Addio al signore della cucina bergamasca

È morto il patriarca della famiglia Cerea, titolare del celebre ristorante «Da Vittorio»

Paolo Marchi

Un anno fa a fine novembre si spense a Bergamo Gino Veronelli, ora la stessa città ha perso anche il suo ristoratore più famoso, Vittorio Cerea. E purtroppo parliamo proprio della morte agli Ospedali Riuniti, all’età di 69 anni (non dimostrati), di un uomo che con la sua passione e i suoi piatti ha scandito i momenti migliori dell’alta cucina bergamasca. La morte fisica, è bene precisarlo, dopo che a fine estate il suo celebratissimo «Da Vittorio» in viale Papa Giovanni non aveva riaperto i battenti, almeno non nella storica sede cittadina, quella con un uomo di colore in divisa rossa perennemente sulla porta, pronto a parcheggiare l’auto per il cliente che non aveva tempo. E adesso che tutta l’attività si svolge nel relais della Cantalupa, una magione superlusso nel comune di Brusaporto a una decina di chilometri dal capoluogo, molti si chiedono quanto questo trasloco abbia pesato sulla malattia. Se si scrive che è stata la mazzata definitiva si sbaglia di poco. Il suo vero locale era quello in Città Bassa, la Cantalupa era l’indirizzo per banchetti e matrimoni, posto splendido ma sempre un’altra cosa. Nel primo i clienti cadevano dentro, nell’altro bisogna andarci e certe figure della Bergamo bene, use a muoversi a piedi, a fare le cose con comodo, non si sono ancora abituate alla novità.
Due anni fa la proprietà del palazzo aveva posto condizioni per rinnovare l’affitto troppo onerose e solo quando era chiaro che i Cerea se ne sarebbero andati per davvero, dopo un primo annuncio a fine primavera 2004, Bergamo ha capito in pieno cosa avrebbe perso. Una città famosa per la ricchezza della sua tavola, oggi ha solo un’insegna premiata dalla Michelin, davvero tristemente poco.
Vittorio ne aveva sempre avuta una, ma da quando forni e fornelli erano passati al primogenito Enrico (e ai suoi quattro fratelli) la guida rossa ne aveva accesa una seconda, rarissimo caso di figli che fanno meglio dei genitori. I Cerea nel tempo avevano aperto la loro carta al mondo, Adrià non era certo una bestemmia per loro, a patto che la tradizione bergamasca, tanto cara a Vittorio, procedesse di pari passo con il pesce crudo (e per alcuni gamberetti pure pesce vivo, zampettante nel piatto) e i lecca-lecca, il noto e il nuovo, la sicurezza di ricette collaudate allo stupore per ardite combinazioni pensate da Chicco guardando cosa succede fuori dalla sua città.

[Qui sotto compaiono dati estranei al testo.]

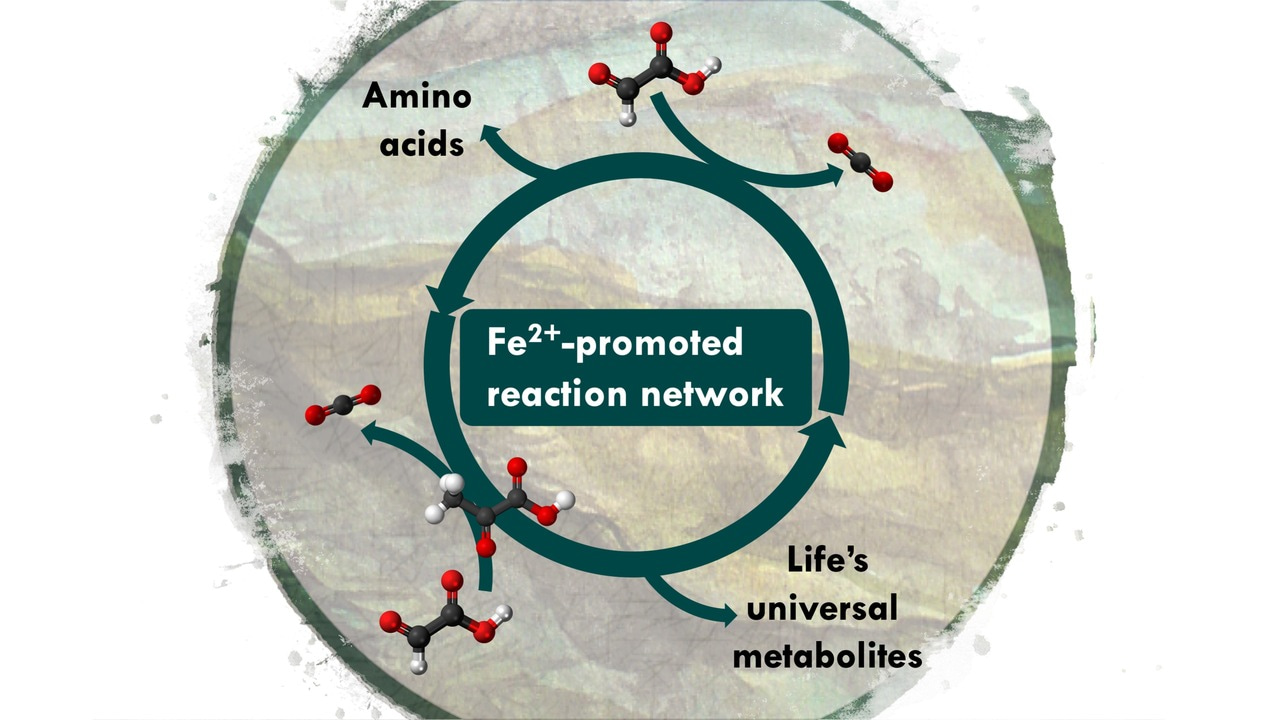 Metabolism before ATP and enzymes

E al di là del nome di Vittorio sull’insegna (e non del cognome di una famiglia tutta impegnata lì), resta straordinario l’impegno collettivo di due generazioni di Cerea al punto da far pensare che se uno aveva altro per la testa che non fosse riconducibile a cibi, vini o dolci (la pasticceria Cavour in Città Alta è loro) o cambiava idea o cambiava aria.
I funerali di Vittorio Cerea si celebreranno domani nella chiesa delle Grazie, a pochi passi dalla vecchia sede. Non è il ritorno a casa che lui per primo sognava.